The main threat will come from Heavy Metal, who will have the edge in fitness, having blitzed the opposition with an aggressive display of front-running to win in Listed grade here before Christmas.

Not that I am underestimating North America either. This ex-Godolphin horse beat Heavy Metal over the track this time last year and has proved a revelation on the surface.

The Singspiel Stakes, upgraded to Group 3 status this year, also promises to be a real humdinger, with Mike de Kock running both the evergreen Sanshawes (Colm O’Donoghue) and Light the Lights (Christophe Soumillon).

Sanshawes came out the better when the pair finished fourth and sixth respectively in last year’s Group 1 Jebel Hatta, but neither may cope with the Godolphin contingent, who look particularly strong.

It might be significant that William Buick has opted for Bay Of Poets, but the vibes filtering through about stablemate BENBATL are equally positive and he is my choice.

He won the Hampton Court at Royal Ascot last summer and also ran a highly respectable race behind Enable in the King George, where the 2400m trip found him out.

However, the best bet of the night looks to be ERTIJAAL in the 1000m handicap on turf.

Sheikh Hamdan’s speedball was awesome at last year’s carnival, seeing off everything over this trip but finding the petrol gauge running dry in the last 200m when stepped up in distance for the Group 1 Al Quoz Sprint on World Cup night.
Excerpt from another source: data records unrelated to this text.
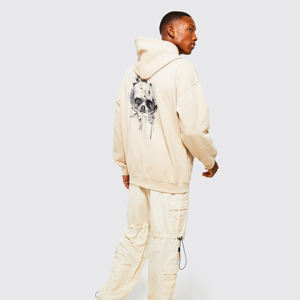 Sweat à capuche pour hommes, meilleure vente printemps automne, ample, tendance, personnalisé, décontracté, col rond, sweat à capuche pour hommes - Product Image 3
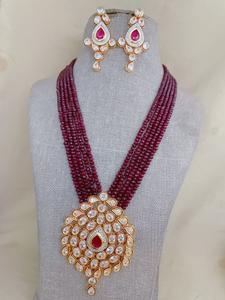 ชุดสร้อยคอยาวประดับมอสซาไนต์ชุบทองสุดหรูหรา พร้อมต่างหู สำหรับผู้หญิง เหมาะสำหรับงานหมั้น งานแต่งงาน หรือเป็นของขวัญ - Product Image 2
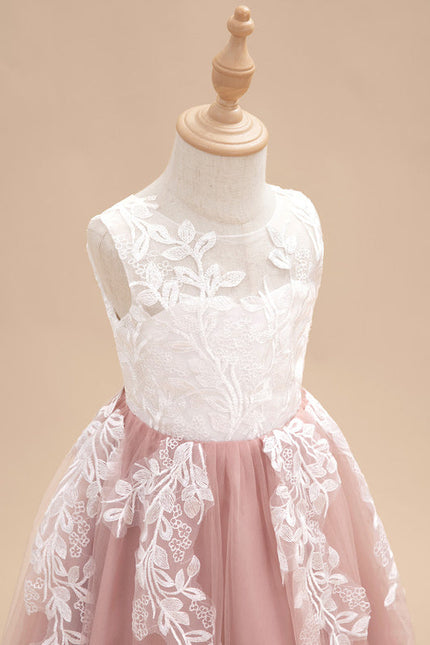 Robe Dentelle Tulle Marine Fleurie - gallery 6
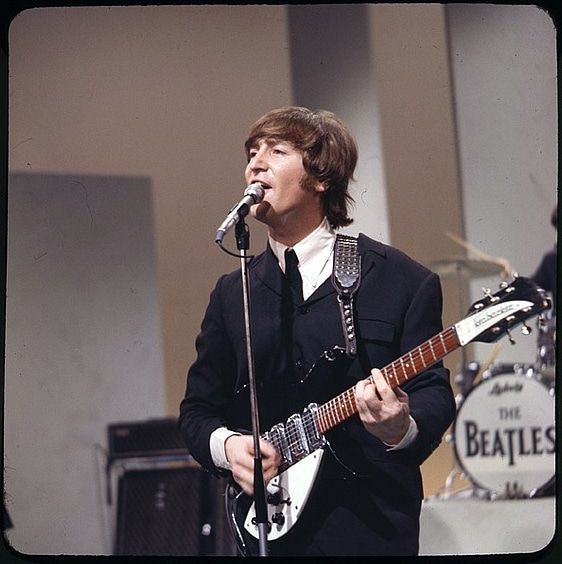 John and his Rickenbacker The #Beatles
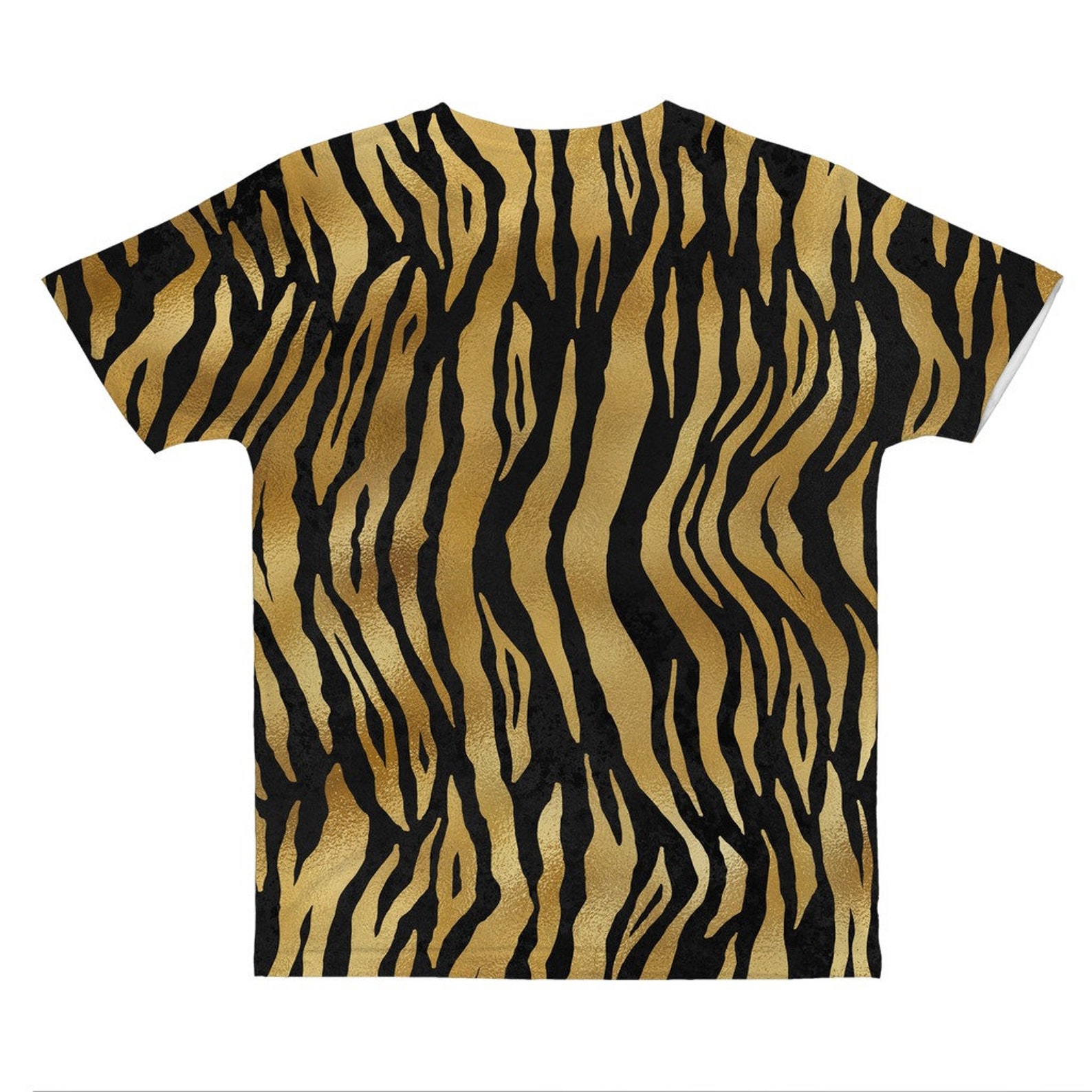 Unisex Black And Gold Tiger Stripe TShirt Tiger Pattern Etsy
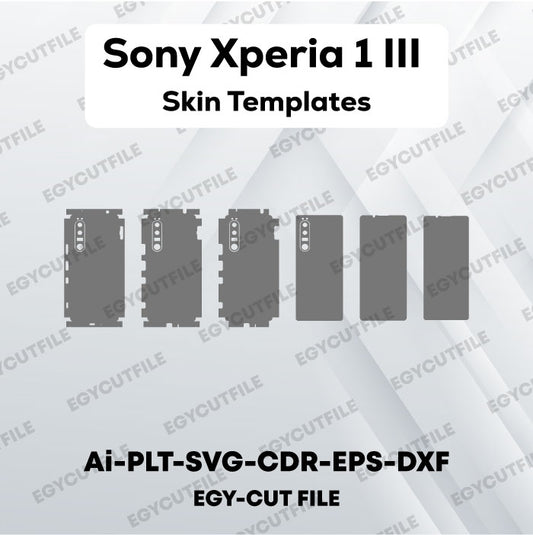 Sony Xperia 1 III SOG03 Vector Skin Cut Files
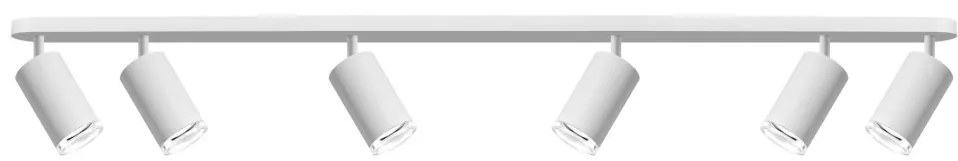 LED RGBW ściemnialna oprawa punktowa do łazienki TURYN 6xGU10/6,5W/230V IP44 biała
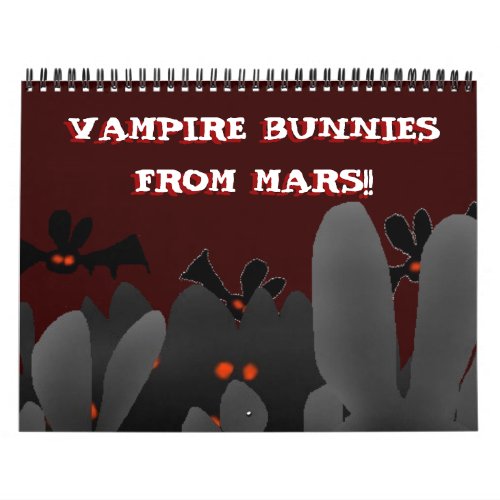 Seasons with the Vampire Bunnies from Mars Calendar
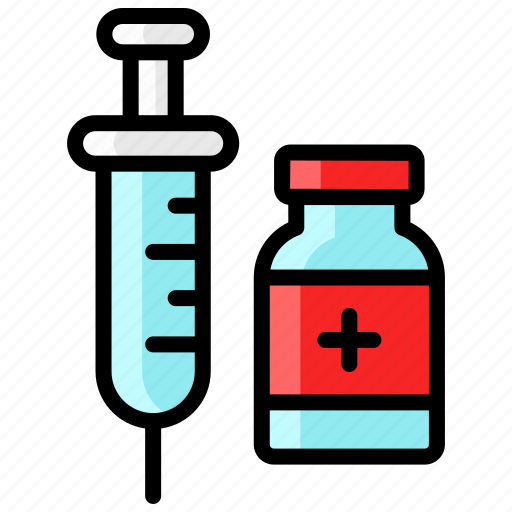 Vaccine, syringe, narcology, vaccination, injection, medical icon - Download on Iconfinder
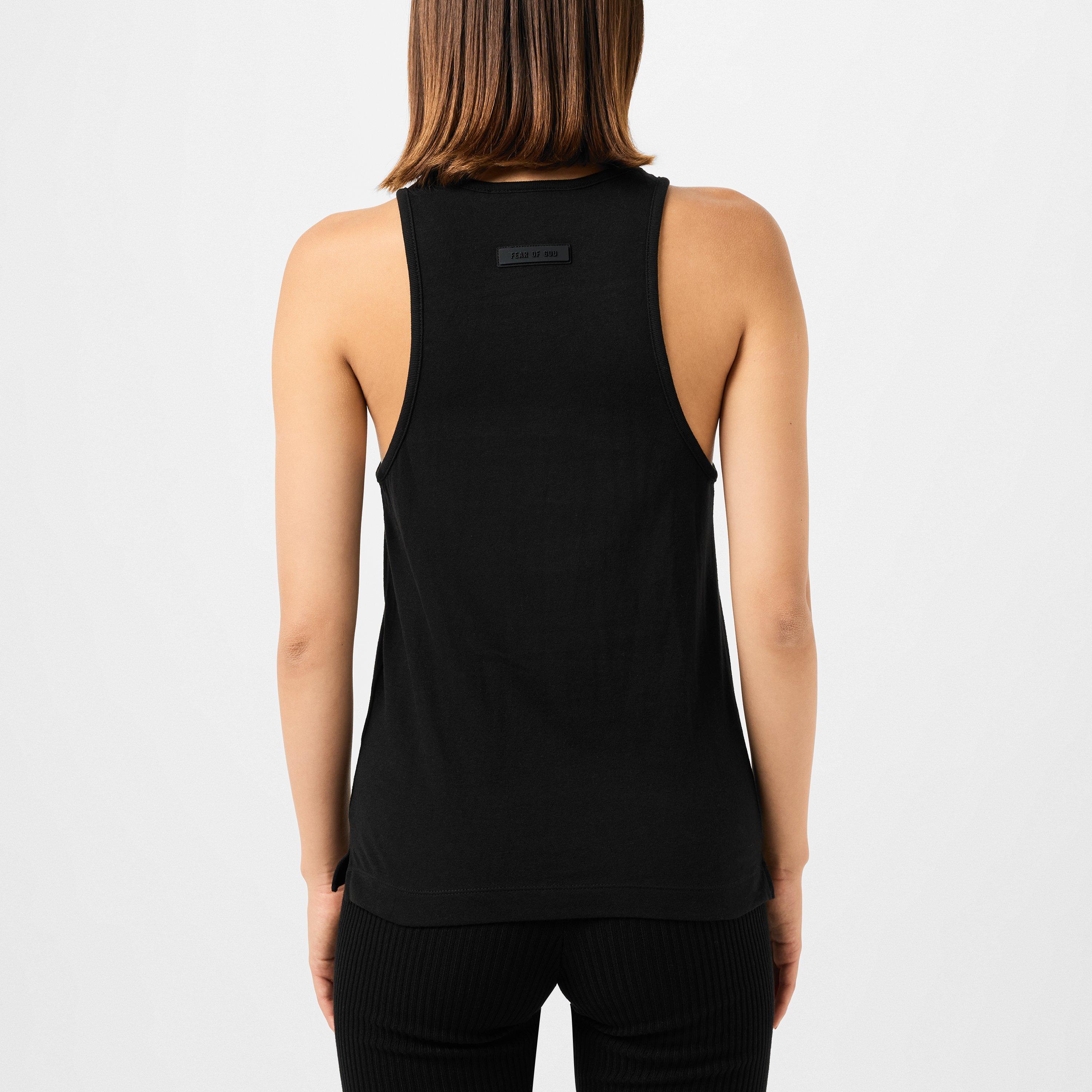 Jet Black - Fear Of God Essentials - Logo Printed Tank Top - 3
Back to his optimum trip and with the inside draw, he’ll be very hard to catch.

De Kock has to take on a five-horse challenge from Godolphin in the 1400m handicap, but even with top weight his Zabeel Mile runner-up NOAH FROM GOA ought to be a tough nut to crack.

Back in Britain, Joseph O’Brien, still on a high after his Melbourne Cup triumph in November, is planning frequent raids across the water on the all-weather this winter.

O’Brien is fortunate to have a Polytrack at Dundalk and both HIGHLY APPROVED and AIBELL gained experience of the surface on the Dublin course, which should stand them in good stead for their foray to Lingfield on Wednesday.

I particularly like the chance of Aibell, who showed plenty of promise on her debut in what looked a decent maiden. She will have learned plenty from that and is well worth an interest in the finale.

And on Saturday at Lingfield I can highly recommend Michael Bell’s SACRED ACT in the valuable 1600m handicap.

Sacred Act has done well since switching to Bell from John Gosden’s stable, and the form of his second to Arcanada over the course and distance in November got a timely boost when the winner took the feature race there last weekend.

On the same programme I also like ASCOT DAY in the sprint handicap. He is three times a winner on the all-weather, and his trainer, David Simcock, has his team in top form. Veteran Boom The Groom is the one for the Exacta.